Segment Start: The data
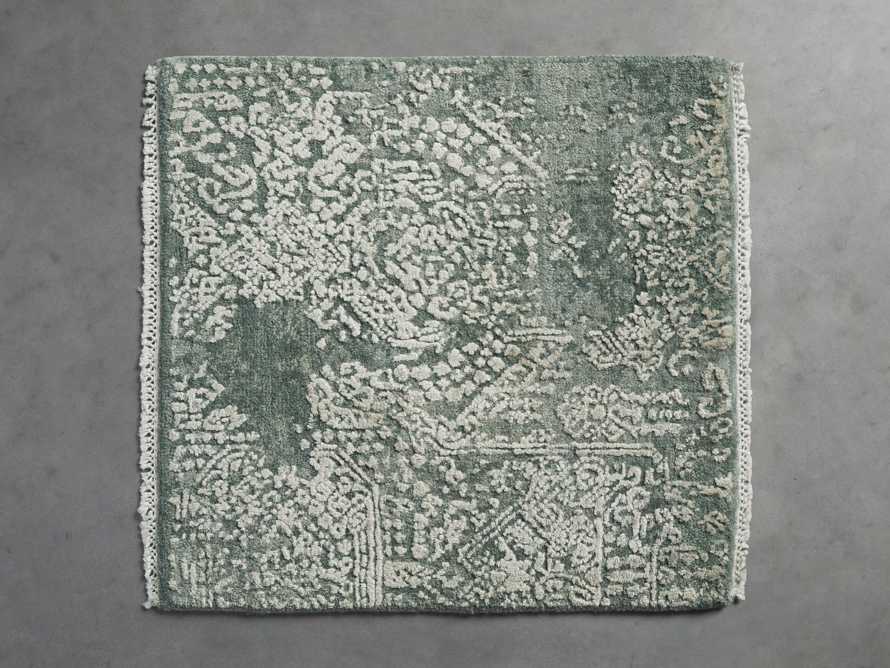 Lascala Handknotted Rug Swatch in Celadon
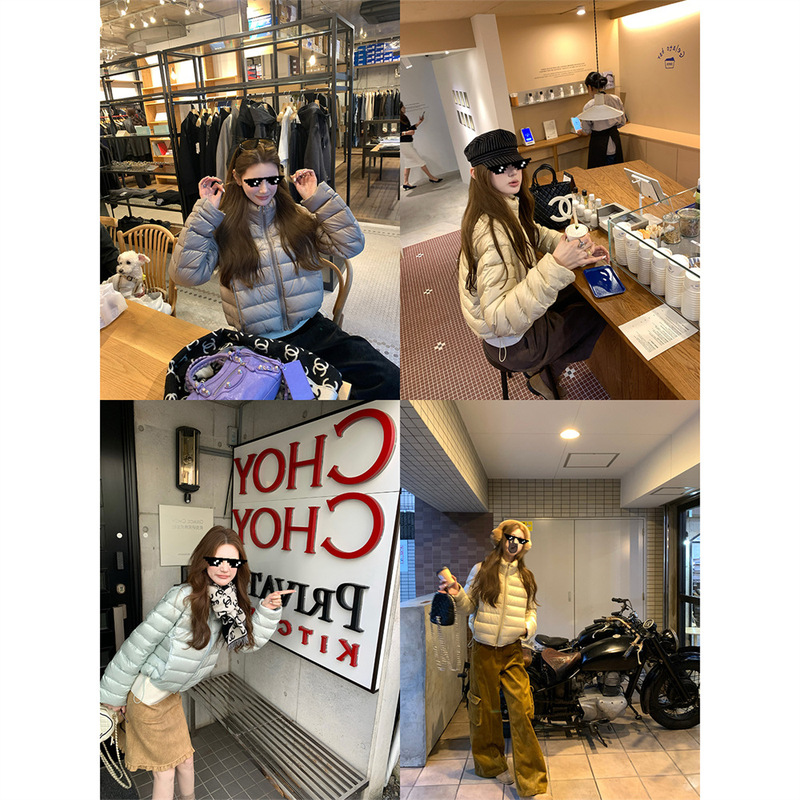 Aaaaxbbb Arna Garden New National Standard 90 White Duck down Rib down Jacket Winter Short Top Jacket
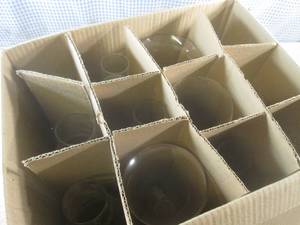 lot 197 image: (EW3) 11 Assorted Oil Lamp Globes...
Segment End: The data
Instructions for the task
Copy exactly the lines running from the line with "Aaaaxbbb Arna Garden" to the final line of the listing, keeping both ends and dropping any picture.

Your response
 Aaaaxbbb Arna Garden New National Standard 90 White Duck down Rib down Jacket Winter Short Top Jacket
 lot 197 image: (EW3) 11 Assorted Oil Lamp Globes...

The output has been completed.